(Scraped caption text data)

--- START ---

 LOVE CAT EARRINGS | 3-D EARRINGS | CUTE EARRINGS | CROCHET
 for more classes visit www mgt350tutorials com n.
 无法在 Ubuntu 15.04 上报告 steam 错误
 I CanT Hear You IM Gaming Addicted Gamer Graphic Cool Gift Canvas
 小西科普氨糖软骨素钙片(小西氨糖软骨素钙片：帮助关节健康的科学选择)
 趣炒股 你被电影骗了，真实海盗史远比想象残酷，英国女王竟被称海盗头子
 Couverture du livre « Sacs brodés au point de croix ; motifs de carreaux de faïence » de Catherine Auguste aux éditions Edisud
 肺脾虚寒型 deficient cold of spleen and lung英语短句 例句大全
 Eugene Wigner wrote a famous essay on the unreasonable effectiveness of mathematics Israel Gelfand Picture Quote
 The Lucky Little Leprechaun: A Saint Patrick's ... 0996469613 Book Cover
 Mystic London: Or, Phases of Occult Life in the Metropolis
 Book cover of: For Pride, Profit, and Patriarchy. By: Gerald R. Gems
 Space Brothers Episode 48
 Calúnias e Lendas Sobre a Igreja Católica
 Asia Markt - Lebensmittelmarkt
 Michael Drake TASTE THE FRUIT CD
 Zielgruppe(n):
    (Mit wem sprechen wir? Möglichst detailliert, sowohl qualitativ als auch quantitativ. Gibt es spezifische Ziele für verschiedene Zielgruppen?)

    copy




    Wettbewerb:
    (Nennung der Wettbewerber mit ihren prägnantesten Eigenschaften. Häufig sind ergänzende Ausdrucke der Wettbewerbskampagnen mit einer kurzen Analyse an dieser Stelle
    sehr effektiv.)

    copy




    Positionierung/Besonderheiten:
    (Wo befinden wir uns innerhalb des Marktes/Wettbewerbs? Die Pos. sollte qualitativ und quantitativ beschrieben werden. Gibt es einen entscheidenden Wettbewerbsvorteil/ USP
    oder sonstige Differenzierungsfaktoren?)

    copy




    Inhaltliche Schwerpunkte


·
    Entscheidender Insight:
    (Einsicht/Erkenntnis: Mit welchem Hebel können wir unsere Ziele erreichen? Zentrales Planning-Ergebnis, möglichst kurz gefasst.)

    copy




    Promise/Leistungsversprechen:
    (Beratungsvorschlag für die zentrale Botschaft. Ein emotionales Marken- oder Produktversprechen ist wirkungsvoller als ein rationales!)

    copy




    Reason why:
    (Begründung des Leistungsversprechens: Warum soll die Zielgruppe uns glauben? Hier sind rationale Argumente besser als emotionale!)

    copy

--- END ---

* EXERCISE DETAILS:
Give back, unchanged, every line from the one with "Inhaltliche Schwerpunkte" to the end of the entries above.

* SOLUTION TO THIS TASK:
    Inhaltliche Schwerpunkte


·
    Entscheidender Insight:
    (Einsicht/Erkenntnis: Mit welchem Hebel können wir unsere Ziele erreichen? Zentrales Planning-Ergebnis, möglichst kurz gefasst.)

    copy




    Promise/Leistungsversprechen:
    (Beratungsvorschlag für die zentrale Botschaft. Ein emotionales Marken- oder Produktversprechen ist wirkungsvoller als ein rationales!)

    copy




    Reason why:
    (Begründung des Leistungsversprechens: Warum soll die Zielgruppe uns glauben? Hier sind rationale Argumente besser als emotionale!)

    copy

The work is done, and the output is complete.